**Problem requirements**
Output all of the data exactly as it appears, but leave out any pictures it contains.

**Dataset extract**

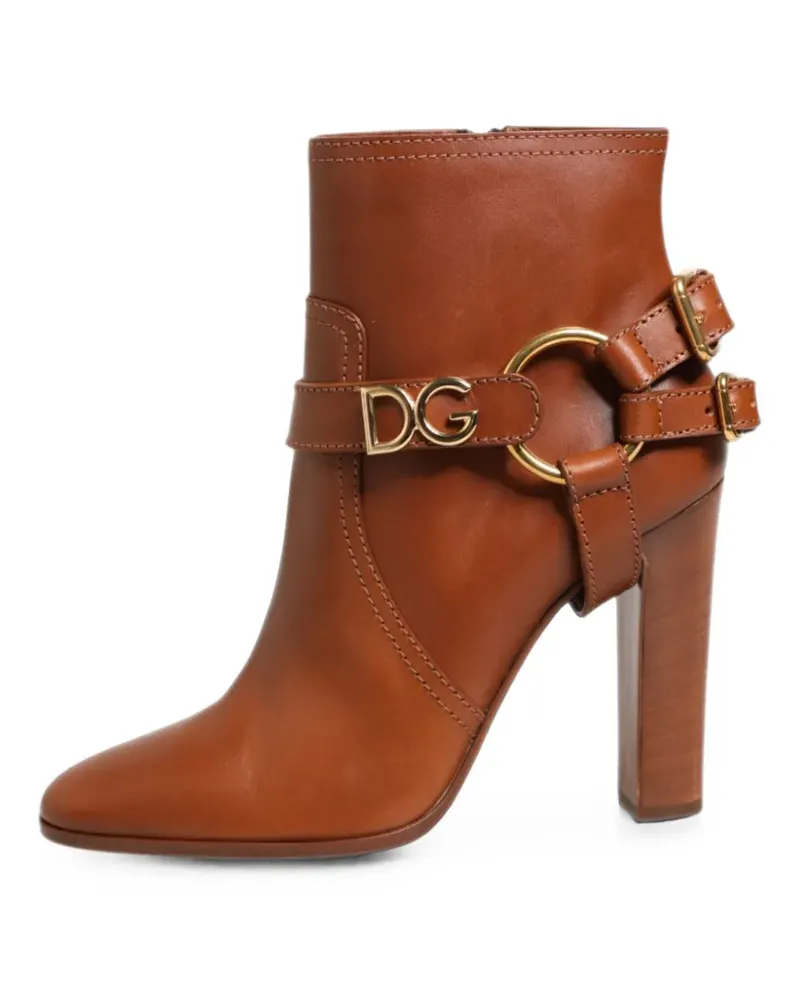 Dolce & Gabbana Stiefeletten mit DG Logo-Schnalle - Braun Braun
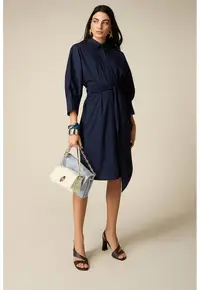 Rochie-camasa cu cordon in talie - Bleumarin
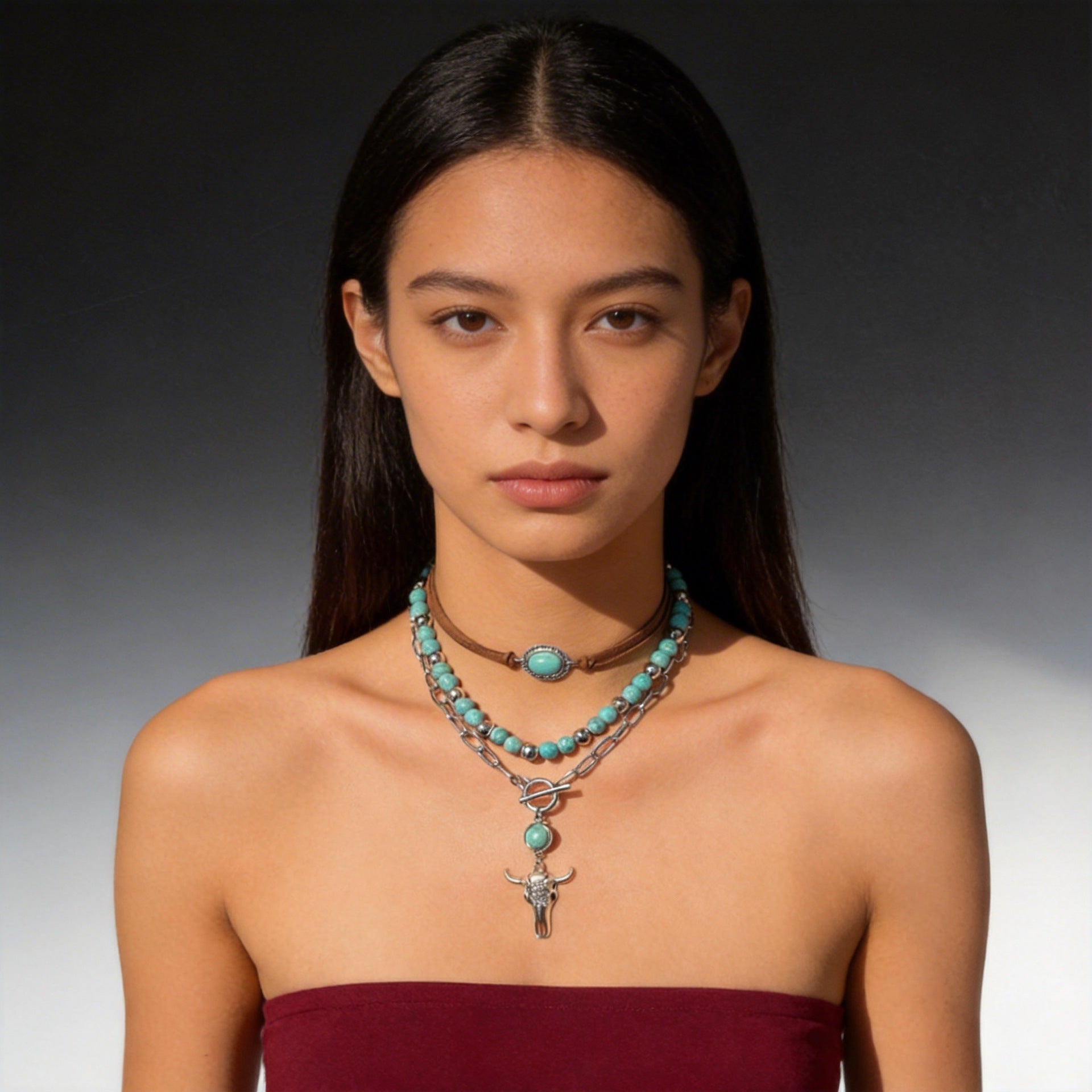 Wholesale Metal Bull Head Pendant Necklace Set with Natural Stone Accents,  Layered Chain,  Fashion Accessory for Women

**Solved problem**
 Dolce & Gabbana Stiefeletten mit DG Logo-Schnalle - Braun Braun
 Rochie-camasa cu cordon in talie - Bleumarin
 Wholesale Metal Bull Head Pendant Necklace Set with Natural Stone Accents,  Layered Chain,  Fashion Accessory for Women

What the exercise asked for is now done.